Update, March 28, 2015: Another protestor, calling himself Beaux, is said to have climbed a tree in the area of City Park being cleared for the construction of a new golf course. This is the same area of the park in which a man occupied a tree for 12 days. According to an update posted to the City Park for Everyone Coalition's Facebook page, Beaux says workers in the Park discovered him in the tree, and police are on the scene. Climbing apparatus and a construction vehicle clearing brush can be seen in a 5-minute clip posted to a cell phone video sharing site under the hashtag #WildIsFree. A large banner hangs from the tree alongside food, water and what appears to be a hammock.A protest over the reconstruction of a New Orleans City Park golf course entered a new stage Thursday, with the filing of a federal lawsuit against the head of the Federal Emergency Management Agency and the agency that runs the Park.
Organizers, loosely collected under an umbrella organization calling itself the City Park for Everyone Coalition, have called news conferences, flown drones over the construction areas, and packed a Park board meeting with protesters. Members of the coalition are furious at what they see as the destruction of public wild space in exchange for a rarefied, exclusionary sport.
In a memorable instance of civil disobedience, a man and woman climbed a tree slated for destruction and lived in it for days. The woman, calling herself “Heart,” left the cypress after a long weekend, but Jonathan “Lloyd” Boover remained in the branches for nearly two weeks.
“It is a little bit scary when you have to kind of catch yourself, because you know you’re about to fall when you’re half-asleep,” Boover told NPR’s Melissa Block on the March 19 episode of All Things Considered. Boover said he had camped in trees before, and had just enough food and water to last him until Monday the 23rd.
On Tuesday morning, Boover fell. According to NOLA.com, he lost his balance waving to supporters gathered behind a fence and plummeted to the ground.

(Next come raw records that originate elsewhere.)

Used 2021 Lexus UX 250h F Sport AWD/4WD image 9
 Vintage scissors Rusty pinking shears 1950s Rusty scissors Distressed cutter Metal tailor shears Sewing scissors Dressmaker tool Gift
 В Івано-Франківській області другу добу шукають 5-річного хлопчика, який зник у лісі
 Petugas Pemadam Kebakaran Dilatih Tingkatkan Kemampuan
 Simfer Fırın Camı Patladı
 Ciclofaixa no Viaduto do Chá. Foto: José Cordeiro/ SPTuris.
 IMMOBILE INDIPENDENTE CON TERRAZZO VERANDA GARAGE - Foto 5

Boover was taken away in an ambulance, and reportedly booked on charges of criminal trespass and resisting an officer by the Orleans Parish Sheriff’s Office. Boover said police officers kept spotlights trained on him at night.
“Mr. Boover was acting on his own and we'd never heard of him until he started camping in the tree,” wrote Christopher Lane, Vice President of the City Park for Everyone Coalition, in an email. “I think his actions show that there is a tremendous frustration in the larger community about how City Park has ignored citizens' wishes and blundered into a terrible mistake.”

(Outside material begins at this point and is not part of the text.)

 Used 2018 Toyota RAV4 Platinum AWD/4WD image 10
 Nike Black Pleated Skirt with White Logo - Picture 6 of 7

The Coalition’s 22-page lawsuit, filed in U.S. District Court on Thursday morning, seeks to halt the demolition process and accuses Park management of ignoring public input and creating an exclusionary space “available or desirable only to a very narrow segment of society.”
The lawsuit also names Craig Fugate, acting head of the Federal Emergency Management Agency. The suit says FEMA failed to adhere to wetlands and historic preservation laws in approving recovery funding that will be used by the Park in the clearing of brush and construction of the new golf course.
However, City Park says the development of a new golf course has been a deliberate process taking more than 10 years, and hundreds of people have attended public meetings as the Park redeveloped its Master Plan following Hurricane Katrina and its aftermath. A City Park spokesman says more than 6,000 trees have been planted in the Park since the storm, with 500 more to come, a number three times as high as the number of trees lost to Katrina’s winds and water.
City Park is technically owned by the city of New Orleans, but has been operated since 1891 by an independent public body called the New Orleans City Park Improvement Association. The Association’s members are appointed by local, regional and state legislators and business groups, or elected by the Association’s other members.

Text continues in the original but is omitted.